Chameleons with Field Dependent Couplings

TL;DR

This paper demonstrates that scalar-tensor theories with field-dependent couplings and power-law potentials can exhibit the chameleon mechanism, affecting experimental searches for fifth forces and Casimir effects.

Contribution

It extends the chameleon mechanism to theories with field-dependent couplings, analyzing their implications for experimental tests of gravity.

Findings

The theory admits thin-shell solutions for spherical bodies.

Scalar field coupling is sensitive to a mass scale near the current Hubble scale.

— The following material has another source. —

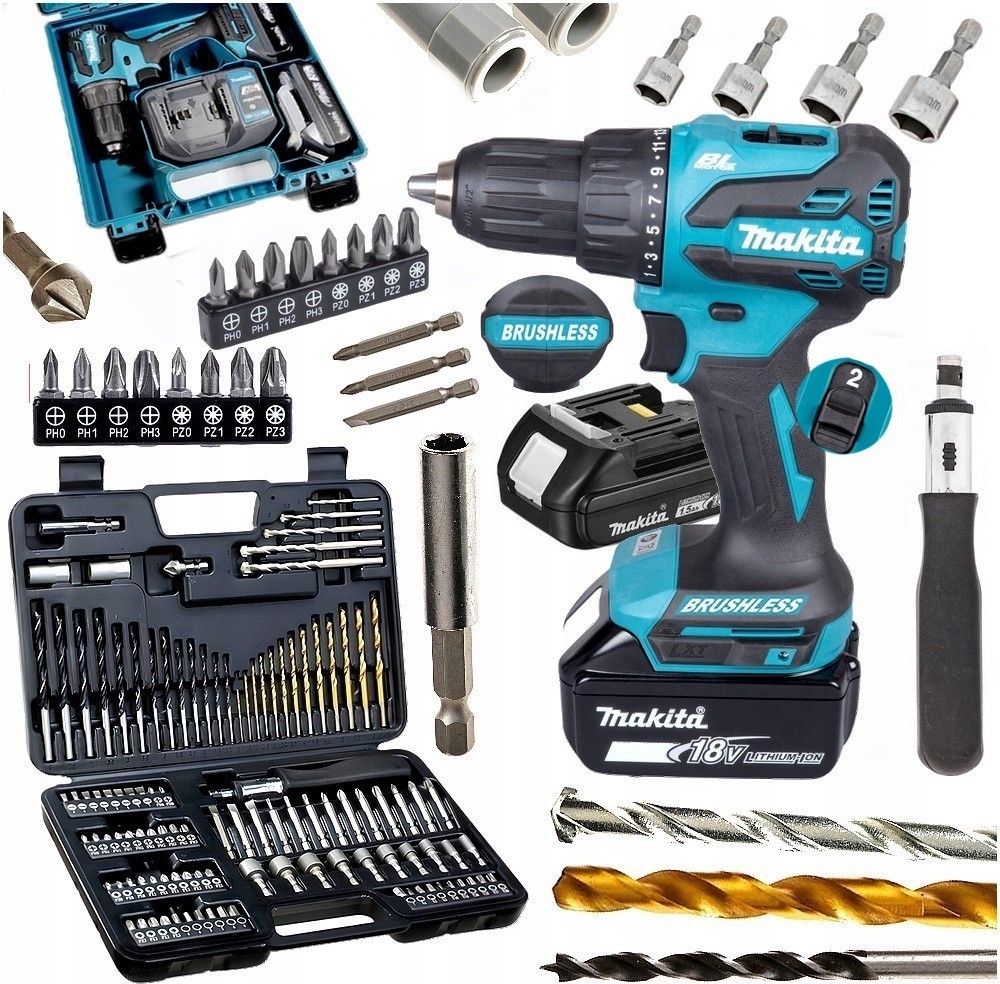 Дрель-шуруповерт аккумуляторная Makita DDF490WVE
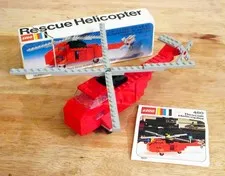 LEGO Kit 480 LEGOLAND Rescue Helicopter Complete Kit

Constraints from gravitational tests limit the coupling strength.

Abstract

Certain scalar-tensor theories exhibit the so-called chameleon mechanism, whereby observational signatures of scalar fields are hidden by a combination of self-interactions and interactions with ambient matter. Not all scalar-tensor theories exhibit such a chameleon mechanism, which has been originally found in models with inverse power run-away potentials and field independent couplings to matter. In this paper we investigate field-theories with field-dependent couplings and a power-law potential for the scalar field. We show that the theory indeed is a chameleon field theory. We find the thin-shell solution for a spherical body and investigate the consequences for E\"ot-Wash experiments, fifth-force searches and Casimir force experiments. Requiring that the scalar-field evades gravitational tests, we find that the coupling is sensitive to a mass-scale which is of order of the Hubble scale today.